# Rayovac Fusion vs Duracell Quantum vs Energizer Max?



## jwargod (Feb 4, 2017)

Heya, so been giving some flashlights and batteries to friends and coworkers and been giving them suggestion of Ray's Fusion batteries (AAA's to D's) to use for bang for buck. It's been a bit though and after some searching here and on google, could only find old reviews on comparisons. 

Is there any recent reviews/comparisons on the three? Any people's suggestions?

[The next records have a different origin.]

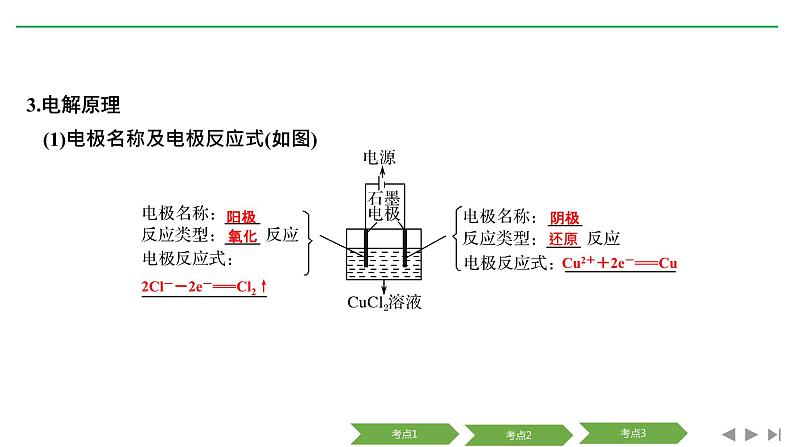 2019届二轮复习 电解 金属的腐蚀与防护 课件（89张）（浙江专用）05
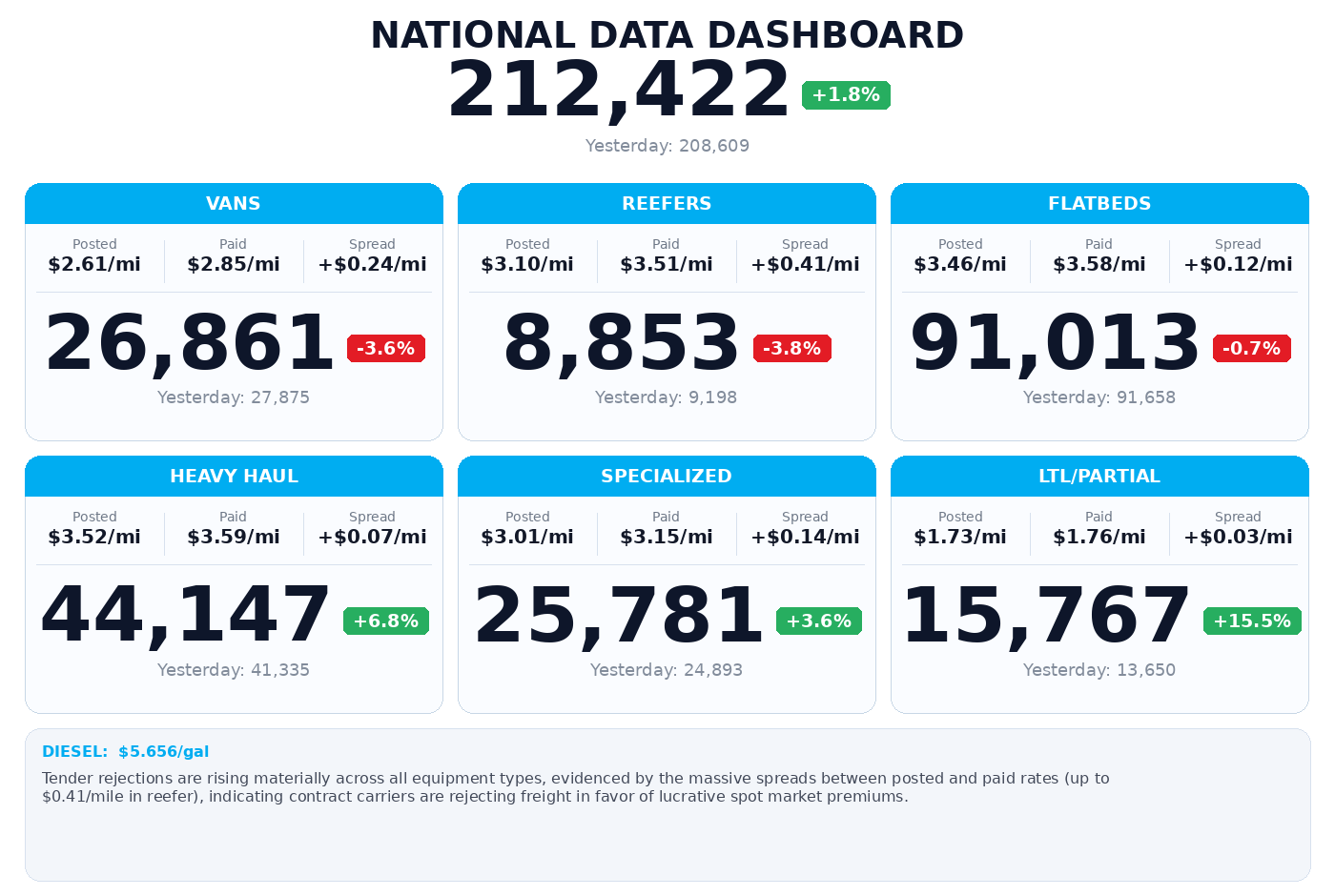 Daily market overview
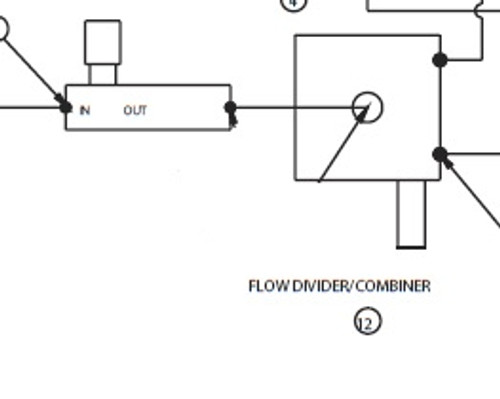 Flow Divider/Combiner (DELTA)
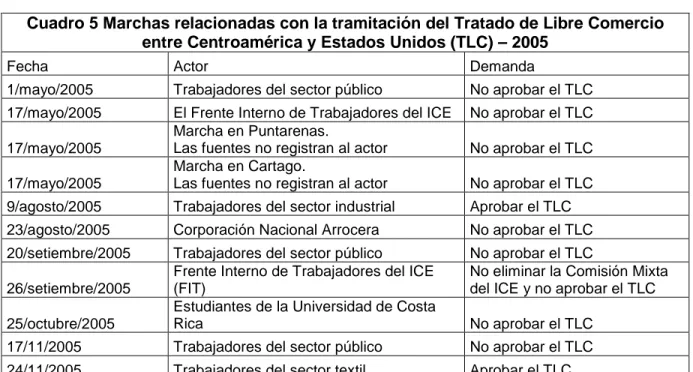 Cuadro 5 Marchas relacionadas con la tramitación del Tratado de Libre Comercio  entre Centroamérica y Estados Unidos (TLC) – 2005 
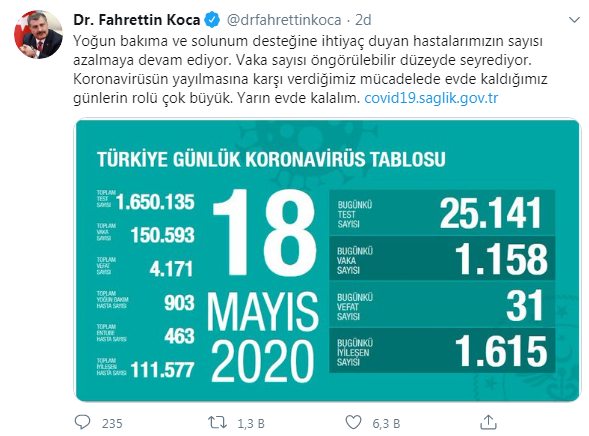 Türkiye&#039;de koronavirüs nedeniyle bugün can kaybı 31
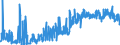 CN 0306 /Exports /Unit = Prices (Euro/ton) /Partner: Latvia /Reporter: Eur27_2020 /0306:Crustaceans, Whether in Shell or Not, Live, Fresh, Chilled, Frozen, Dried, Salted or in Brine, Even Smoked, Incl. Crustaceans in Shell Cooked by Steaming or by Boiling in Water; Flours, Meals and Pellets of Crustaceans, fit for Human Consumption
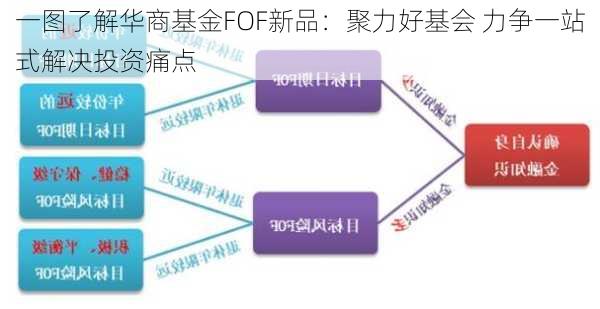 一图了解华商基金FOF新品：聚力好基会 力争一站式解决投资痛点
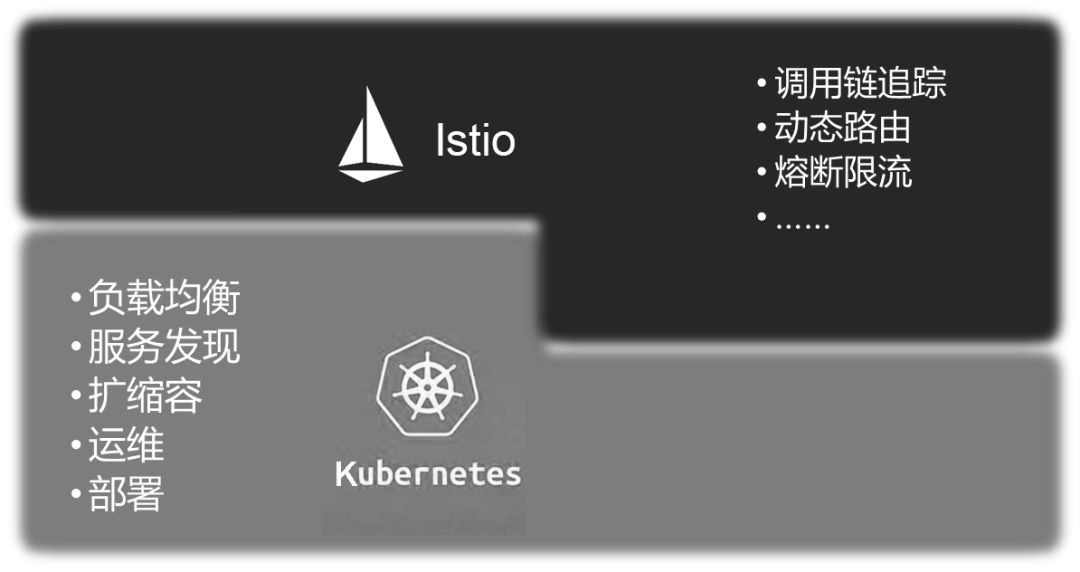 Istio与Kubernetes叠加后的快感从何而来？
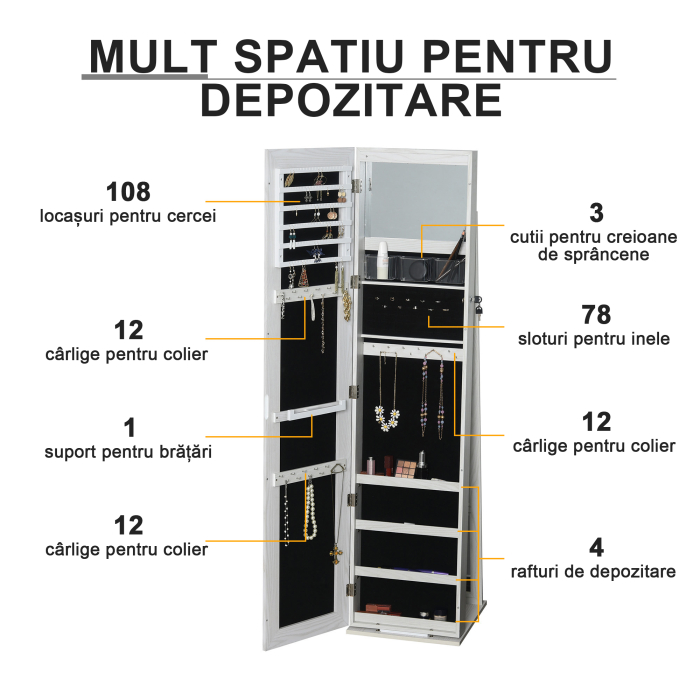  Oglinda-Portbijuterii LED cu 4 Rafturi si Spatii de Depozitare Alb [5]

P.S. rechargeable not an option for the types of friends and coworkers I work with.


----------



## Frijid (Feb 4, 2017)

If you're going to get the Energizer's, I would opt for the one's made in Indonesia, since they appear to be re-branded Fujitsu alkalines. They may not be actual Fujitsu's, but they most certainly come from the same FDK plant in Indonesia as Fujitsu alkalines do. I've actually found some Japanese made Energizer Max alkalines, though I've only been able to find them in one store and nowhere else. They too share the similarities (Gritty rough surface on both terminals and a green washer around the negative terminal) of the Indonesian made Energizer's and actual Fujitsu alkalines. FDK does have a plant in Japan (Shizuoka) that manufactures alkalines. The Rayovac Fushion's appear to be good, though I've never used that many of them. I don't trust Duracell's alkalines, though your mileage may vary. If you're looking to see which is best, just buy a couple and do a run time test on them with the lights. And keep in mind that different brands of batteries can test differently in different devices. I've done some run time tests on some devices and have seen instances where cheap Chinese made Sunbeam alkalines that cost 1 dollar for a pack of four, wind up lasting longer in certain devices than American made Energizer's that were like 4 dollars for a pack of four. Evereday Gold is often touted as being the lower tier battery, but I've seen them beat Energizer's and Duracell's in some devices.


----------



## Need a Light? (Feb 4, 2017)

My experience, I bought about 200 fusion aa's for about $32 around about 5 months ago. Dated until mid 2025. One leaked after left completely dead on the counter, not sure if I can count that against them, but hey. 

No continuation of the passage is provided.